John V. Moran, Senior Executive Vice President and Chief Financial Officer
John V. Moran has served as the Chief Financial Officer of Old National Bancorp since 2024, having previously served as interim CFO. Prior to this, he was the Chief Strategy Officer for the company from 2021 to 2024 and Director of Corporate Development and Strategy from 2017 to 2019. Before rejoining Old National in 2021, Mr. Moran served as the Chief Financial Officer for NBT Bancorp. His earlier career included over 15 years in senior investment research positions at firms such as Macquarie Group, Cohen & Co., and Ryan Beck & Co.

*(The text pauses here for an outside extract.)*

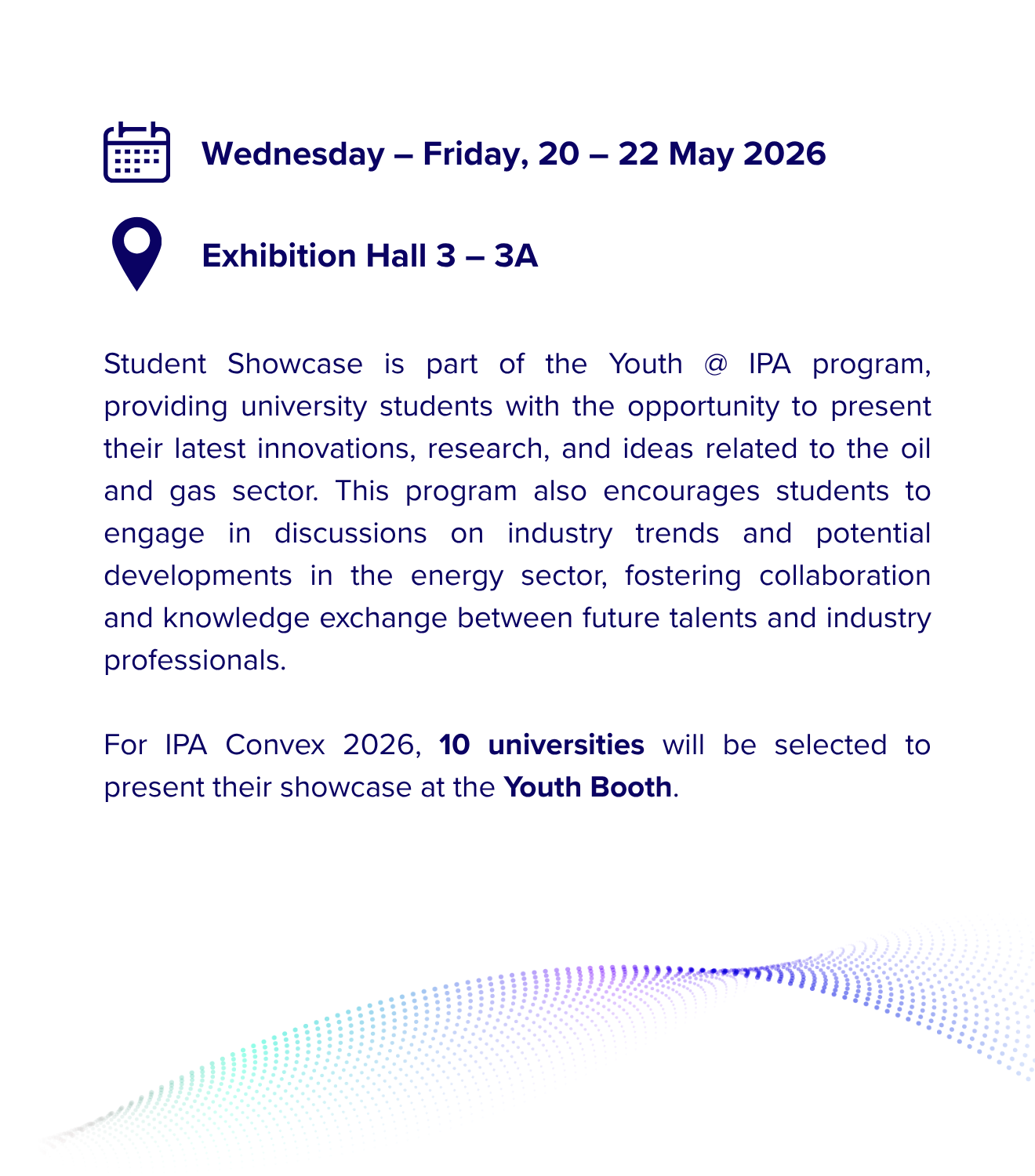 Student Showcase IPA CONVEX 2026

Mark G. Sander, President and Chief Operating Officer
Mark G. Sander is the President and Chief Operating Officer of Old National Bancorp. Before joining Old National, he served as Chief Operating Officer and President at First Midwest. Prior to that, he held the position of Executive Vice President, Head of Commercial Banking at Associated Banc-Corp, where he was also a member of their Executive and Asset-Liability committees.
Matt Keen, Chief Information Officer
Matt Keen has been the Chief Information Officer of Old National Bancorp since July 2025. Prior to this role, he served as the Chief Information Officer at Bremer Bank.
Angela L. Putnam, Senior Vice President and Chief Accounting Officer
Angela L. Putnam has served as the Chief Accounting Officer and Senior Vice President of Old National Bancorp since 2022. Earlier in her career, she was the Vice President and Financial Reporting Manager for First Midwest from April 2013 to November 2014.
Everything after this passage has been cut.